From the listing below, output the lines between the one with "INFINITY QX56 2004-2010 Фаркоп Полигон Авто" and the one with "Hopalaa! Brewery Rakau Twist", including those two, and nothing else. Pictures are not copied.

> **Materials provided**:
-- Opening Marker --

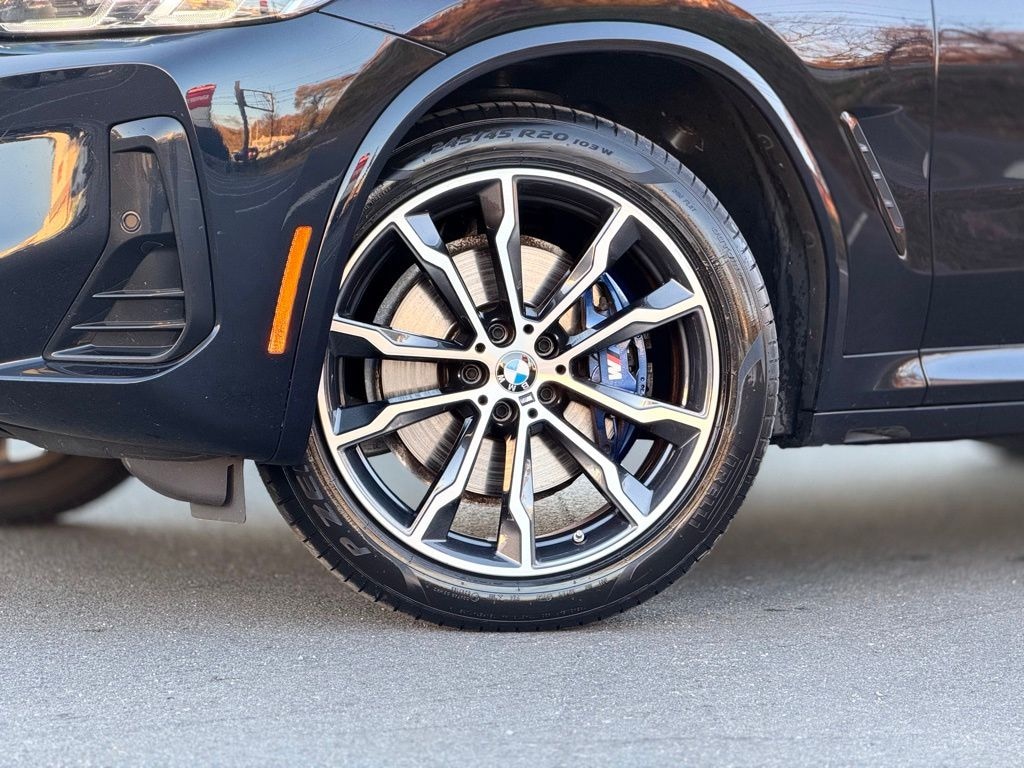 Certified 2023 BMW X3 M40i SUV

-- Closing Marker --
-- Opening Marker --

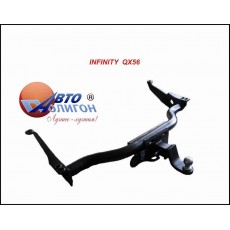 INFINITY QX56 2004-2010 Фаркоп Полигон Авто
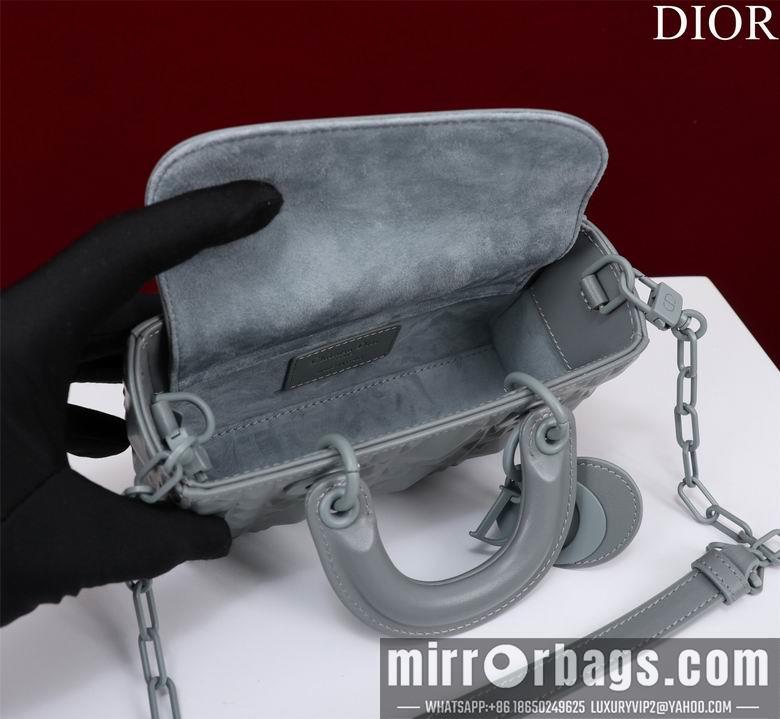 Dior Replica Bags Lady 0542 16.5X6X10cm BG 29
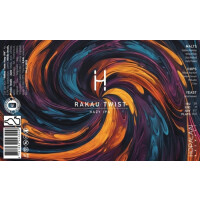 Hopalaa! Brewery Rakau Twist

-- Closing Marker --

> **Answer area**:
 INFINITY QX56 2004-2010 Фаркоп Полигон Авто
 Dior Replica Bags Lady 0542 16.5X6X10cm BG 29
 Hopalaa! Brewery Rakau Twist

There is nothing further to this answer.